At once the soldiers beside Him pulled Him up. They steadied the crossbar on his shoulders. His face was visible, not three feet from where we stood, and He looked at us both. Sunburnt, cheeks hollow, mouth open and shuddering, dark eyes wide and fixed on us, He looked, without expression, without appeal. The blood poured down from the black thorns sticking into His forehead; it ran in tiny streams into His eyelids and down His cheeks. His chest was naked under the open rag of robe which He wore, and it was covered with the ripe, red stripes of the lash!
"My God!" Again I had lost all volition; Memnoch held me upright as we both stared into God's face. And the crowd, the crowd went on screaming and cursing, and shouting and pushing; little children peeped through; women wailed. Others laughed; a great horrid stinking multitude beneath the relentless sun that sent its rays amongst the close urine-stained walls!
Closer He came! Did He know us? He shuddered in His agony, the blood ran down his face into his shivering lips. He gave a gasp as if He would strangle, and I saw that the robe over His shoulders, beneath the rough wood of the beam, was soaked with blood from the scourging. He could not endure another instant, and yet they pushed Him, and He stood directly before us, eyes down, face wet with sweat and the blood swimming in it, and then slowly He turned and looked at me.

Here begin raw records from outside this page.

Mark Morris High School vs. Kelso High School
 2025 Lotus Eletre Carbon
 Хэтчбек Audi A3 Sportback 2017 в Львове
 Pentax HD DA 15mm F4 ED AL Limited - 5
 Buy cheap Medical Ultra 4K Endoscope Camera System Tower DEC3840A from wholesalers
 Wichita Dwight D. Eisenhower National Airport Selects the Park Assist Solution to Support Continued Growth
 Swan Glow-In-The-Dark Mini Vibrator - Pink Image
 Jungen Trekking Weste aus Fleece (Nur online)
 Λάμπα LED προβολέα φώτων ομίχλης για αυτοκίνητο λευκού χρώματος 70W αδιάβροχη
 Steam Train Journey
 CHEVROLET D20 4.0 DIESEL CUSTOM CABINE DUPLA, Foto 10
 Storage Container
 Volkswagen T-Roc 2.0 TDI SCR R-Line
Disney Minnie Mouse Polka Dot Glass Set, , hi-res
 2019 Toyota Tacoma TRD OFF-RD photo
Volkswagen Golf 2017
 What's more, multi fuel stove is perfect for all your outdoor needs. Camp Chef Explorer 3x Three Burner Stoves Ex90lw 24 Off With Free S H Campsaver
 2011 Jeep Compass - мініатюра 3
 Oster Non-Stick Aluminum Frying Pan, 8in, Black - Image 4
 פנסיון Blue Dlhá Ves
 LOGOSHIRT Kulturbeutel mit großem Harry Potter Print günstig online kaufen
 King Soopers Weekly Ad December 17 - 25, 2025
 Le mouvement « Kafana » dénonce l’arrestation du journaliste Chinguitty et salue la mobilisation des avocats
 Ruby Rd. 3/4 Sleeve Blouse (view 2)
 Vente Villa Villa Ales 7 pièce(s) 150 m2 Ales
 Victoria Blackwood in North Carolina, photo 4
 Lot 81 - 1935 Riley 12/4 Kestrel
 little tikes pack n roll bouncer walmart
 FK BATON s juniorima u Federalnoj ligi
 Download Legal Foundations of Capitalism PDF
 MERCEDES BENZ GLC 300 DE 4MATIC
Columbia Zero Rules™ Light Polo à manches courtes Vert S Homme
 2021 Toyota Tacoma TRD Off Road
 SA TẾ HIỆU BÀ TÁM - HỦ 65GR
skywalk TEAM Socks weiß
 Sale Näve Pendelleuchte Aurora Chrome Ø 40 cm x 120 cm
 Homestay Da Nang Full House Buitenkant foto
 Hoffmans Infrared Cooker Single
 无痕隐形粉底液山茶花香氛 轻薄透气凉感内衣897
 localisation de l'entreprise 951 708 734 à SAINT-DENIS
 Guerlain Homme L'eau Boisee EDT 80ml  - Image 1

I was weeping uncontrollably. What did I witness? A brutality unspeakable in any time and place, but the legends and prayers of my childhood fired with grotesque vitality; I could smell the blood. I could smell it. The vampire in me smelled it. I could hear my sobs, I threw out my arms. "My God!"
Silence fell over the whole world. People shouted and pushed, but not in the realm in which we stood. He stood there staring at me and at Memnoch, stepped out of time and holding the moment in its fullness, in its agony, as He looked at us both.
"Lestat," He said, His voice so feeble and torn I could scarce hear it. "You want to taste it, don't you?"